Die beiden jungen Männer entdecken ihr Schwulsein in früher Jugend. Im katholischen Heiligenstadt finden sie ihre verwirrende Gefühlswelt wieder in Robert Musils „Die Verwirrungen des Zöglings Törleß“ und Thomas Manns „Tonio Kröger“. Beim Zelturlaub an der Ostsee erkennen beide einander und müssen zugleich um ihre Entdeckung fürchten. Als es doch passiert, glaubt Friedewards Vater, ein gläubiger Studienrat, die Unzucht aus dem Sohn mit dem Siebenstriemer herausprügeln zu können. Durch familiäre und gesellschaftliche Vorbehalte sehen sich die Männer zeitlebens genötigt, ihr Schwulsein zu verbergen. Beide gehen sogar Scheinbeziehungen mit Frauen ein, um nach außen hin die Fassade des „Normalen“ zu wahren.
Warum beschreibt ein Autor Liebeshandlungen zwischen zwei Männern, wenn er, wie der Schriftsteller im Gespräch mit Kulturredakteur Frank Quilitzsch betonte, eigentlich gar nicht so genau weiß, wie Homosexuelle miteinander umgehen? Fremde Identitäten faszinieren ihn, sagte Christoph Hein. In früheren Büchern wie „Der fremde Freund“ seien es Frauenrollen gewesen. Die Kunst bestehe allerdings darin, es nicht zu weit zu treiben. Schließlich wolle er ja keine Fahler machen.

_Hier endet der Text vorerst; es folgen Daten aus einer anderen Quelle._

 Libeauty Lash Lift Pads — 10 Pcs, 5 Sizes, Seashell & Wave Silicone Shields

Ausschließlich Fiktion ist der Roman „Verwirrnis“ nach Darstellung seines Schöpfers allerdings nicht. Verfasst habe er das Buch auch als eine Art Doppelporträt seines verehrten Lehrers Hans Mayer, und zwar sowohl des jungen als auch des alten. Der Leipziger Literaturwissenschaftler habe als Jude und Homosexueller einschlägige Erfahrungen gemacht und zeitlebens Angst davor gehabt, sich öffentlich zu seiner sexuellen Orientierung zu bekennen. „Wegen seiner bürgerlichen Erziehung konnte er nie darüber sprechen“, sagte Christoph Hein. Im Roman ist es Friedeward, der sich - auch um seiner Karriere als Germanist willen - tief in Täuschung und Verleugnung verstrickt und schließlich nicht mehr öffentlich zu seiner Homosexualität bekennen kann.

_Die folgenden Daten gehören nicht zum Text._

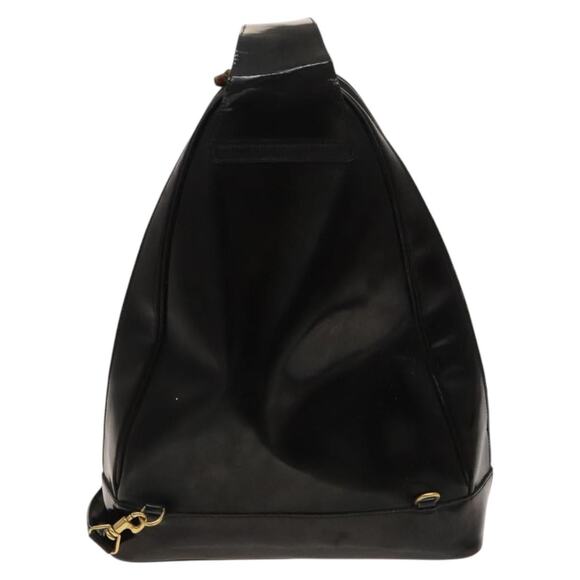 GUCCI Bamboo Shoulder Bag Enamel Black 003 2113 003 2113 - Picture 3 of 12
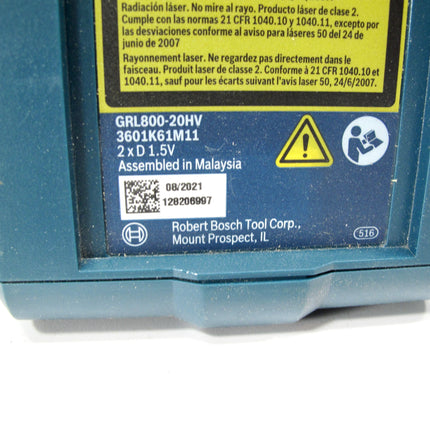 Bosch GRL800-20HV Professional 800 Ft Rotary Laser Level Kit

„Verwirrnis“ erzählt deutsche Geschichte aus der Sicht von Ausgegrenzten. Die Wahl Heiligenstadts als Roman-Schauplatz erklärt Hein mit den Widersprüchen zwischen Ideologie und Glaube, die dort besonders kontrovers aufeinandertrafen. Seine „Lieblingsfigur“ Friedewart ist nach der Wende wieder unter denen, die bei Evaluierungen ihren Job verlieren. „Ganz locker ist es bis heute nicht“, sagt der Autor.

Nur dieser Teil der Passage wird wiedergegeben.